▼

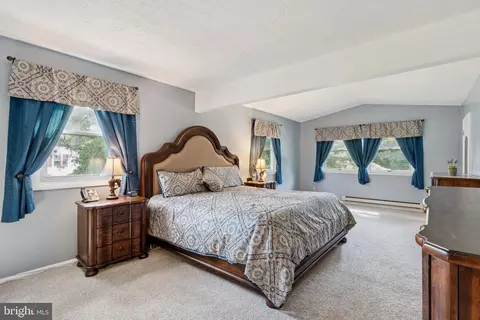 1554 Marco Dr, Pasadena, MD 21122 photo 14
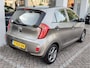Kia Picanto 1.0 CVVT ISG COMFORT PACK Navi | Airco | Lichtmetalen velgen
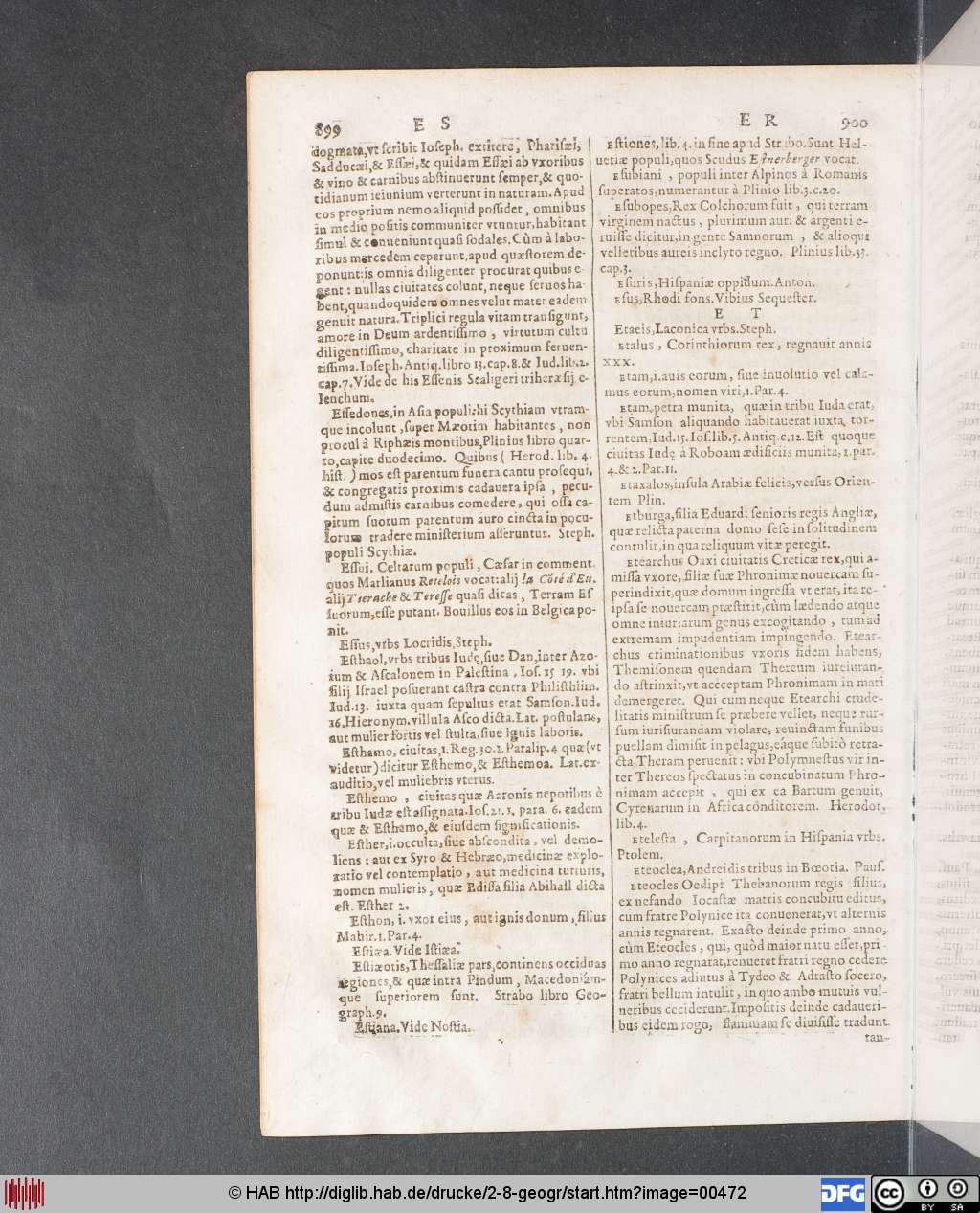 http://diglib.hab.de/drucke/2-8-geogr/00472.jpg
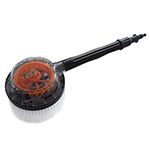 ACCESORIU TM167002/TM181102 - PERIE ROTATIVA
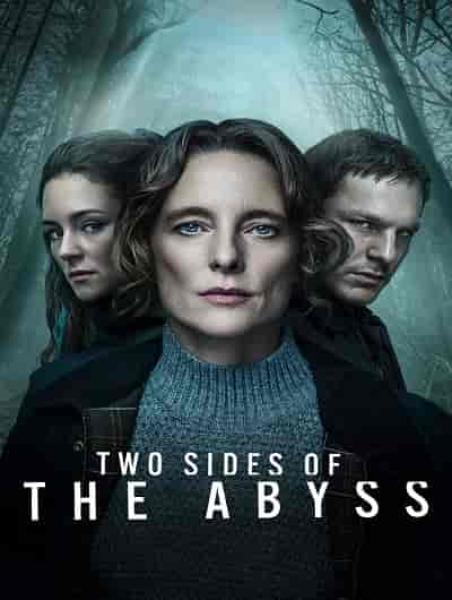 مسلسل Two Sides of the Abyss الموسم الاول الحلقة 1 الاولي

▲

**ABOUT THIS TASK**
Your answer should contain all the material above, written out exactly, and none of the pictures.

**EXERCISE RESPONSE**
 1554 Marco Dr, Pasadena, MD 21122 photo 14
Kia Picanto 1.0 CVVT ISG COMFORT PACK Navi | Airco | Lichtmetalen velgen
 http://diglib.hab.de/drucke/2-8-geogr/00472.jpg
 ACCESORIU TM167002/TM181102 - PERIE ROTATIVA
 مسلسل Two Sides of the Abyss الموسم الاول الحلقة 1 الاولي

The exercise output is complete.